The Last Survivors


The Last Survivors website raises awareness of the last surviving Caribbean endemic land mammals and focusses conservation attention on these valuable but highly threatened species.

Before humans arrived, around 120 species of land mammal (excluding bats) occurred in the Caribbean region, but many have now gone extinct, some very recently, with possibly only 15 surviving today.

For two of the “Last Survivors”, the Hispaniolan solenodon and Hispaniolan hutia, a Darwin-Initiative funded project was launched in the Dominican Republic in October 2009. It is a collaborative effort between Dominican and UK partners, led by the Durrell Wildlife Conservation Trust and Sociedad Ornitológica de la Hispaniola. Its goal is to conduct field research on these poorly known species to assess their status, identify their conservation needs, to develop monitoring tools and to plan their long-term conservation.
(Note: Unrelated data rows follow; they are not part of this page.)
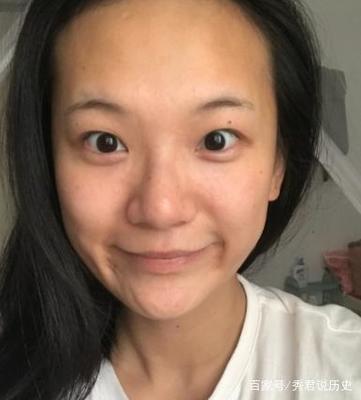 女人下三白眼的面相好不好 分析下三白眼女人的一生
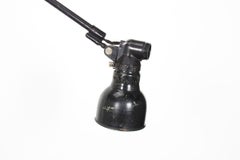 Lámpara de pared de Ernst Rademacher, Bauhaus, 1930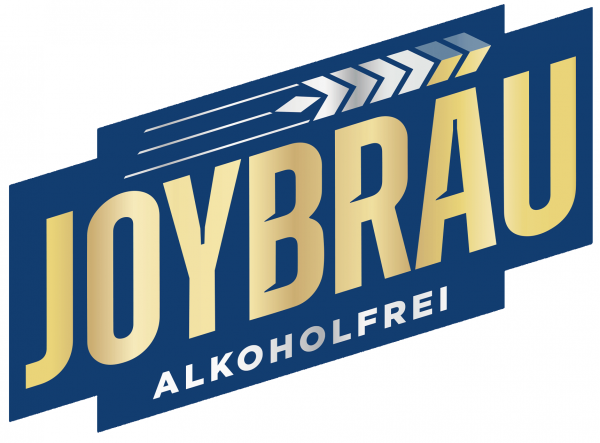 JoyBräu logo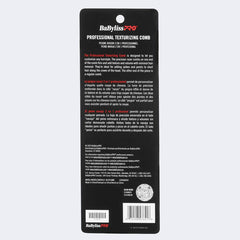 Babyliss Pro Professional Texturizing Comb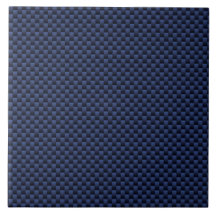 Carbon fiber night glow tiles 25-300mm Custom sizes and colours available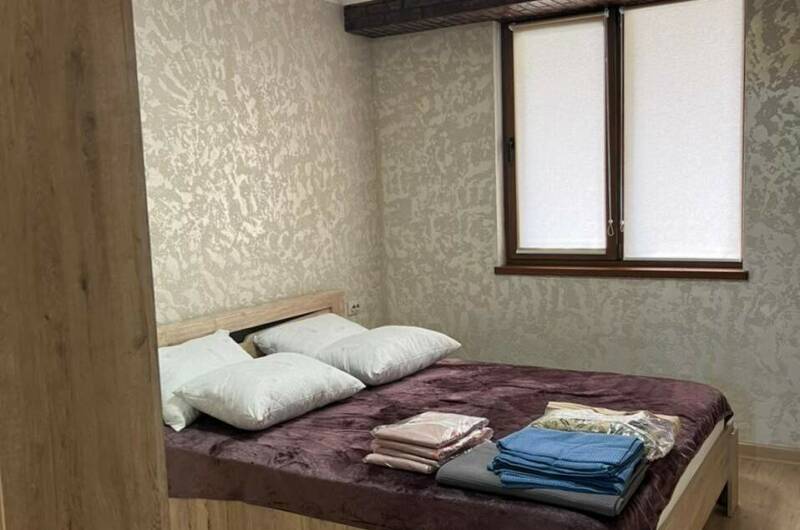 Квартира на Абазгаа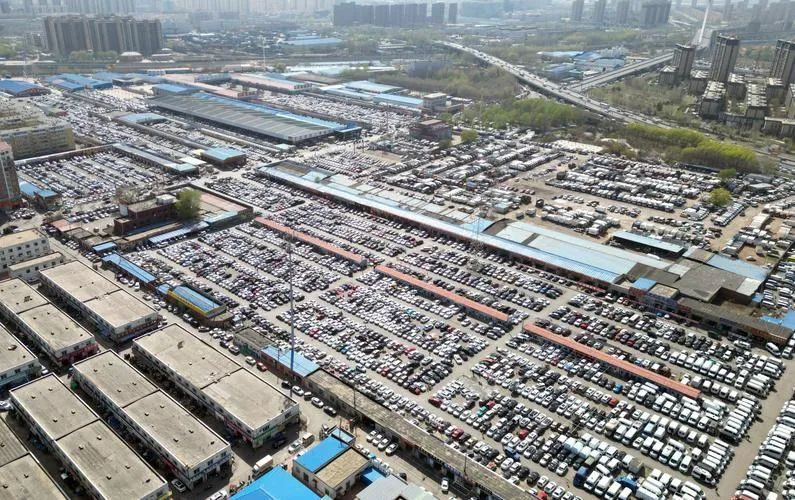 【车叔观察】零公里二手车，是繁荣市场下的行业毒瘤？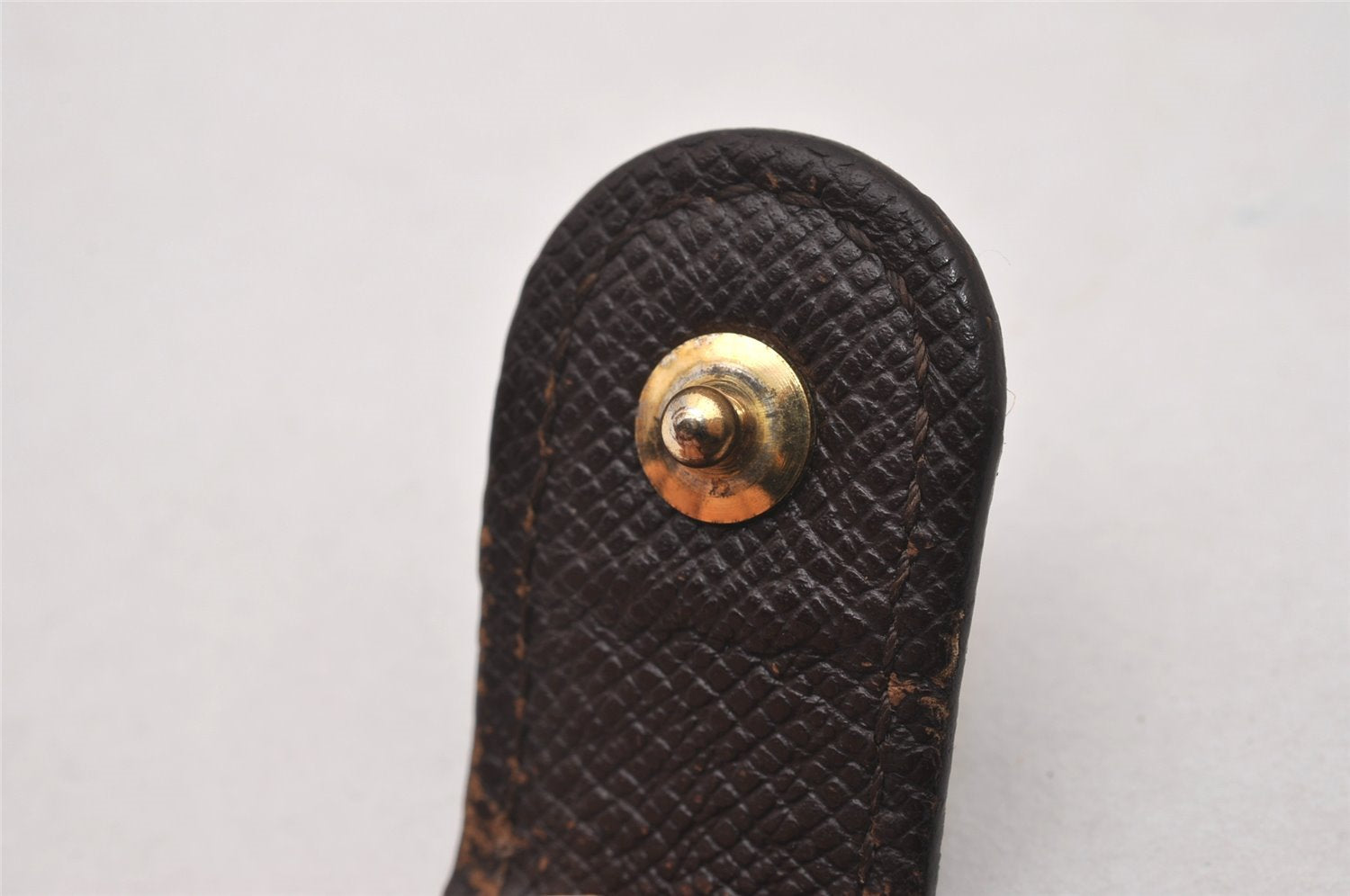 Authentic Louis Vuitton Damier Agenda PM Notebook Cover R20700 LV 4083I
The Last Survivors website reports the main outputs of the project, such as scientific findings, news articles, and conservation plans. You will also be able to track the development of our species range maps, which will be updated regularly with survey data soon after they are collected in the field. Regular blog updates from the field team and English and Spanish language Facebook groups will give you an insight into life working in the Dominican forests, and so you can find out how the project is progressing.  And with lots of video and photos of solenodons and hutias, and background information on their ecology and main threats, we hope that these highly valuable species are better understood – and ultimately better protected.